* Assignment *
Look through the records below and say how many lines include "Design". Give only that number.

* Information provided *
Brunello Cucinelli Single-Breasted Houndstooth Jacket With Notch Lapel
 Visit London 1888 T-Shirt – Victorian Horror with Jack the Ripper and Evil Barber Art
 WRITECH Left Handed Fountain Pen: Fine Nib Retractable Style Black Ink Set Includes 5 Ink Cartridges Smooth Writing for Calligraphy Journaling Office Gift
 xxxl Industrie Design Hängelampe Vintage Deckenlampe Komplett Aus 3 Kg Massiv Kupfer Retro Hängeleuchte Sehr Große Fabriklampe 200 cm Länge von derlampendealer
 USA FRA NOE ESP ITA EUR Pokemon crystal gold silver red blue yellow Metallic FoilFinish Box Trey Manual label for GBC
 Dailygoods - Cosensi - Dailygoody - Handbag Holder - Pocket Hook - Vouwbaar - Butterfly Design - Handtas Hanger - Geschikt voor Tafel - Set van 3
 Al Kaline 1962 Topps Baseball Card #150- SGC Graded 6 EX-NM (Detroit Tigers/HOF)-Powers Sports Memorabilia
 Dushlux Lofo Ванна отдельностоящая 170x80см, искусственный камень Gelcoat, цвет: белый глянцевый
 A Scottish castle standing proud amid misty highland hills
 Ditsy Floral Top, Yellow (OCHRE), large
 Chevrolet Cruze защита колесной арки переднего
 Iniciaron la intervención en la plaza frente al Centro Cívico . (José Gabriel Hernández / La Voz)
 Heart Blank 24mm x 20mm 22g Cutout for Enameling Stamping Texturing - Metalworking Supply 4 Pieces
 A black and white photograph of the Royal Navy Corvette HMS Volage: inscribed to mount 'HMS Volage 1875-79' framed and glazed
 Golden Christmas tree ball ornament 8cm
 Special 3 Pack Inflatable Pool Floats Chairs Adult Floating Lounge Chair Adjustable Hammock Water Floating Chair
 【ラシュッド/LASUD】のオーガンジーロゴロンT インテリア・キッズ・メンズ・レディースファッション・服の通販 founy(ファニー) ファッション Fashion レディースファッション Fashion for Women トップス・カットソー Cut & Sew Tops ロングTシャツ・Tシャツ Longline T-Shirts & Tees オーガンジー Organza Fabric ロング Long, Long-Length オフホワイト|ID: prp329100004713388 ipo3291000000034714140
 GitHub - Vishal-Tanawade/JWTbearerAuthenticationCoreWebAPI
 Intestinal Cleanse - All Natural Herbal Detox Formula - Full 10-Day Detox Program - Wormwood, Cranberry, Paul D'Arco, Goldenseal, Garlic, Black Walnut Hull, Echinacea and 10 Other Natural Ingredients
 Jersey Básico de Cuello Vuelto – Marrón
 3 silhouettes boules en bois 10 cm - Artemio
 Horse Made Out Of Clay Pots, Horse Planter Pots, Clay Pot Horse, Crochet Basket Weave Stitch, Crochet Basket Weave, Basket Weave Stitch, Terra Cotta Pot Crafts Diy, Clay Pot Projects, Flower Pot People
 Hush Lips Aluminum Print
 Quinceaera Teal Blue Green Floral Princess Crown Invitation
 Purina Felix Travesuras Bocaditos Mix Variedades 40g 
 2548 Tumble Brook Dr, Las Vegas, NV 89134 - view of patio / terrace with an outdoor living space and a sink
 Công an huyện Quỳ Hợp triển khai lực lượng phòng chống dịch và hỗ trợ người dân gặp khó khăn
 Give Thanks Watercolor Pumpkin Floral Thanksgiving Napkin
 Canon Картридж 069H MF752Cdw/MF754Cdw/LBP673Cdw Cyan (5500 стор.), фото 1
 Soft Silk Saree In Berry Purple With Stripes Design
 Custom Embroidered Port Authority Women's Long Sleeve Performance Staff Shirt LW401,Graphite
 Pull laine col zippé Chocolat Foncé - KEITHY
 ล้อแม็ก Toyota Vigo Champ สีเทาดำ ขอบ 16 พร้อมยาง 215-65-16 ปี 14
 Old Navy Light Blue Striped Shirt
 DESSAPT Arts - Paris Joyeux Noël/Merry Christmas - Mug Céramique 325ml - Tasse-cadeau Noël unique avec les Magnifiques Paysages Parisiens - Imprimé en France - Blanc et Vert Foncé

* Written answer *
3